> Exercise aim: Emit the data below verbatim, stripping out any pictures.

> Record set:
= Beginning of Section =
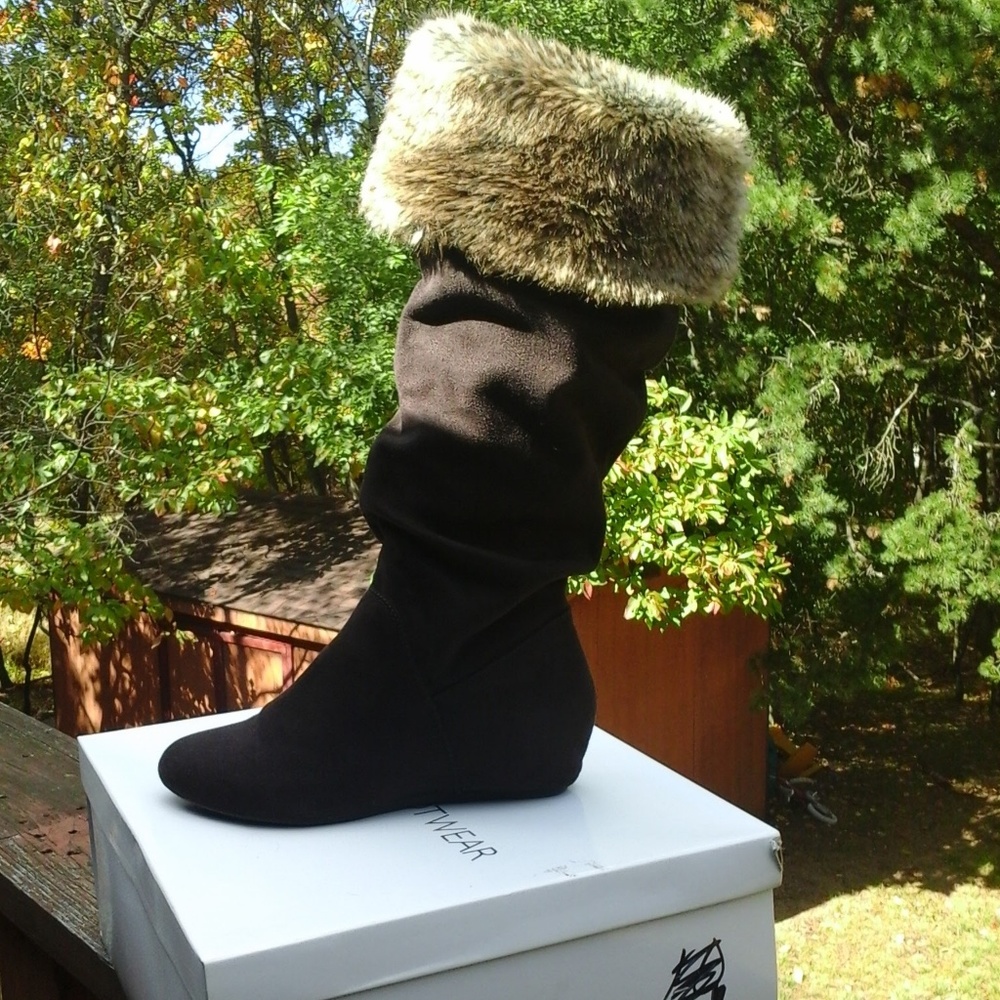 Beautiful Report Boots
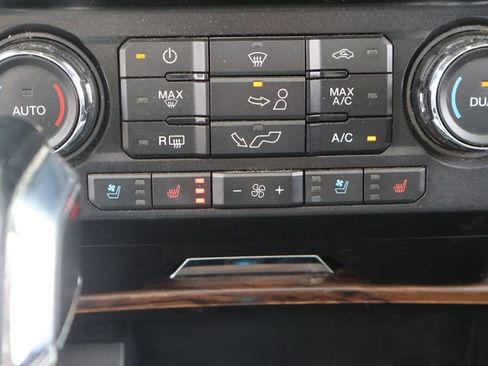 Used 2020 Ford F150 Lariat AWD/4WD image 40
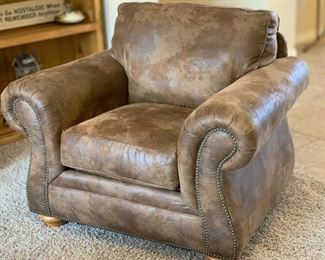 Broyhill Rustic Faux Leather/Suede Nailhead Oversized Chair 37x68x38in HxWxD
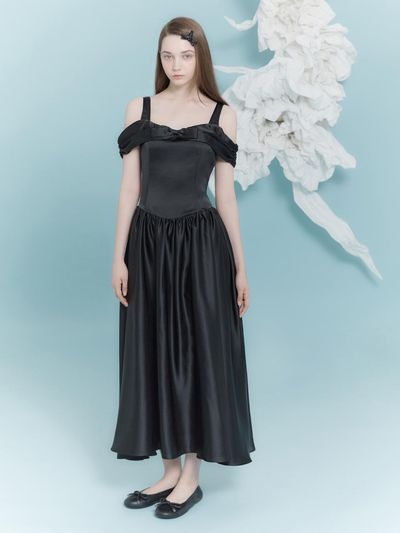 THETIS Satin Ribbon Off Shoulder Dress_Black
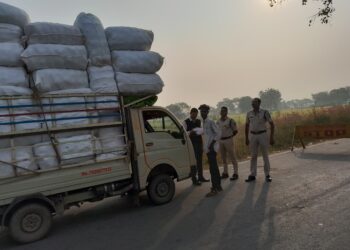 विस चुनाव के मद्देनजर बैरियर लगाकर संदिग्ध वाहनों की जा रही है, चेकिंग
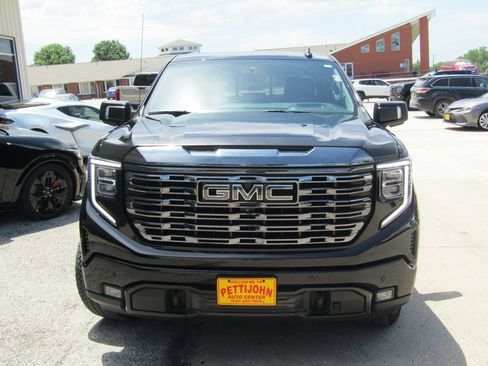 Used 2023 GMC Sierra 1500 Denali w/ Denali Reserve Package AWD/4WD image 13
= End of Section =
> Answer for the task:
 Beautiful Report Boots
 Used 2020 Ford F150 Lariat AWD/4WD image 40
 Broyhill Rustic Faux Leather/Suede Nailhead Oversized Chair 37x68x38in HxWxD
 THETIS Satin Ribbon Off Shoulder Dress_Black
 विस चुनाव के मद्देनजर बैरियर लगाकर संदिग्ध वाहनों की जा रही है, चेकिंग
 Used 2023 GMC Sierra 1500 Denali w/ Denali Reserve Package AWD/4WD image 13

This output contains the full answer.